International Migrants Day celebrations come to East London
Coverage of the refugee crisis may have waned but one East London gallery is celebrating and exploring the rich topic of migration in a one-off evening.
The Whitechapel Gallery will bring together film, music and photography on 17 December, the eve of the United Nation’s International Migrants Day.
Headlining the event is a screening of In This World, Michael Winterbottom’s feature film about two Afghan cousins from a refugee camp in Pakistan who make the perilous journey to England, via Iran, Turkey and Italy.

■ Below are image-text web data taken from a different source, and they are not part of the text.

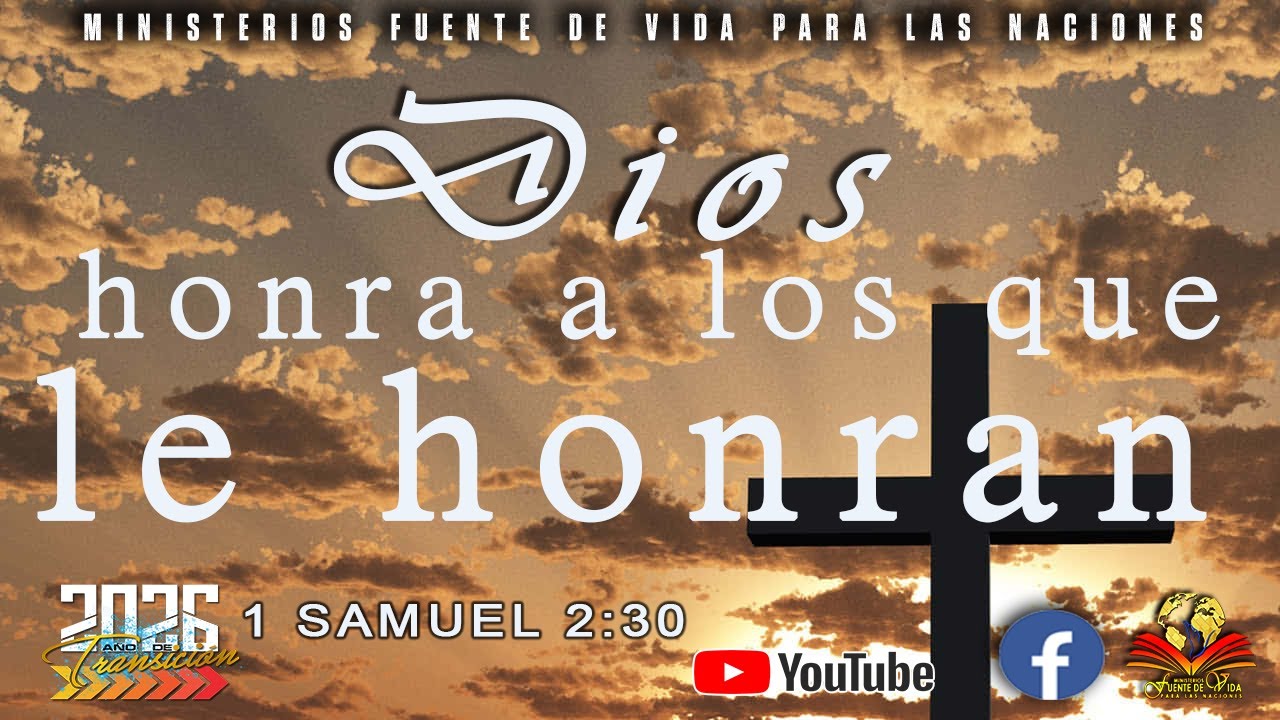 DIOS HONRA A LOS QUE LE HONRAN  ||  1 SAMUEL 2:30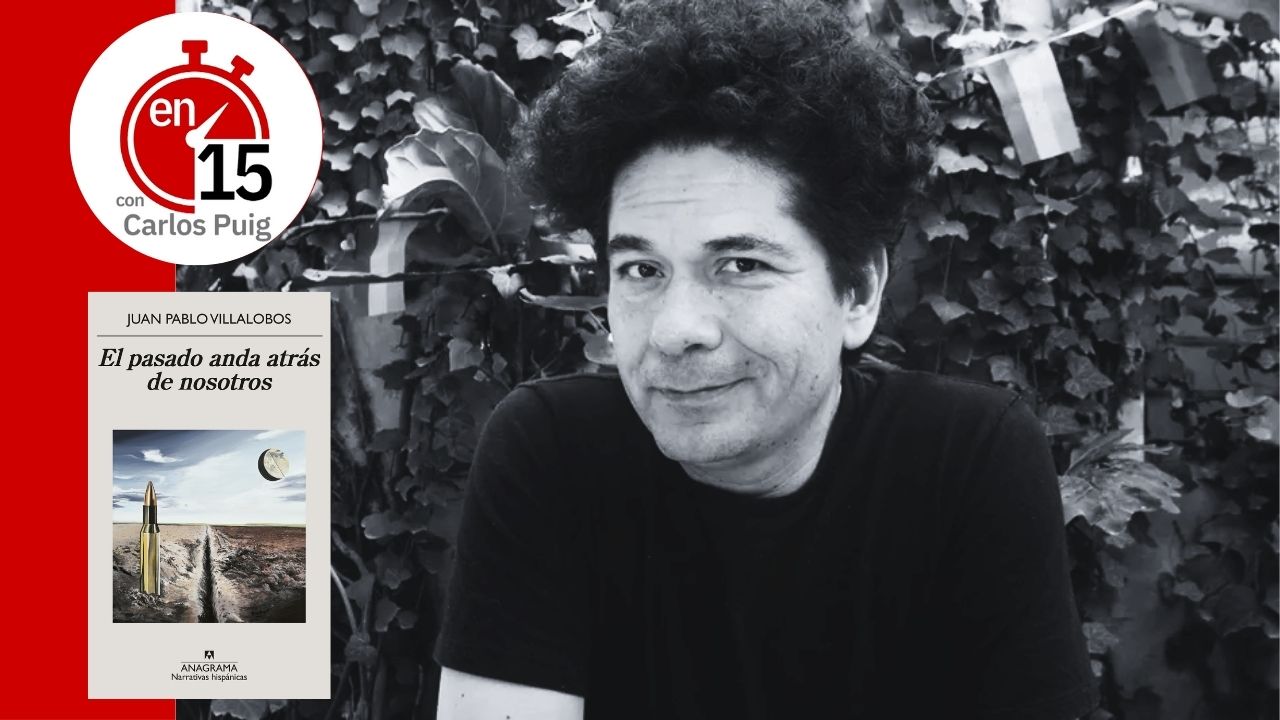 Juan Pablo Villalobos, autor de "El Pasado anda atrás de nosotros" | En 15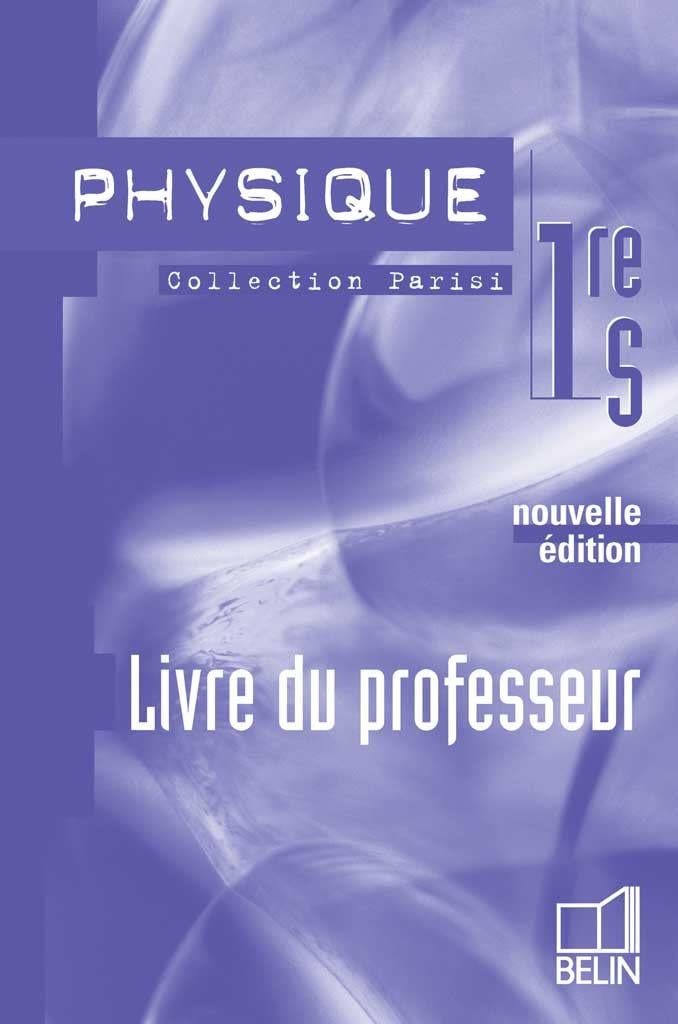 Physique 1e S: Livre du professeur 9782701140780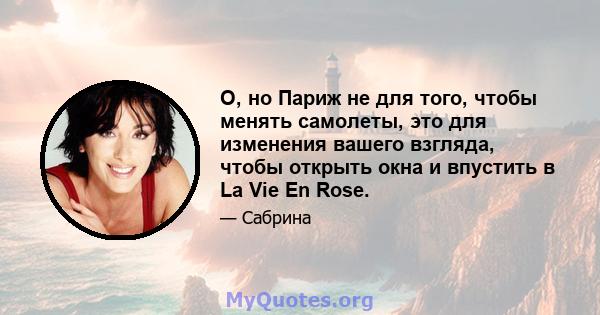 О, но Париж не для того, чтобы менять самолеты, это для изменения вашего взгляда, чтобы открыть окна и впустить в La Vie En Rose.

The Bafta Award-winning film was released in 2002. But its themes resonate strongly today in the depths of the migrant crisis, says the screenwriter Tony Grisoni, who will introduce the film on the night.
“We are in the midst of the largest refugee crisis since World War II,” Mr Grisoni told the Hackney Citizen.
“There is enormous ignorance about the situation – encouraged by careerist politicians and a right-wing media. We need more immigration not less.”
The award-winning screenwriter has lived in Hackney for almost 20 years. He was not able to film in the refugee camp where a section of the film is set. So he created his own camp and peopled it with members of the Kurdish community from Dalston.
The evening will be set to live music from the Trad Academy Sea Shanty Choir, a Hackney-based singing group and Woven Gold, which includes singers from Algeria, Burma, Chechnya, Iran, Kurdistan, Pakistan and many African countries, as well as professional UK musicians.
A series of migrant portraits taken this year will be presented by the photographer himself, Gideon Mendel. He is known for tackling critical issues in this work, including hunger, HIV, flooding and climate change.
International Migrants Day: In This World is at the Whitechapel Gallery on 17 December, 7pm.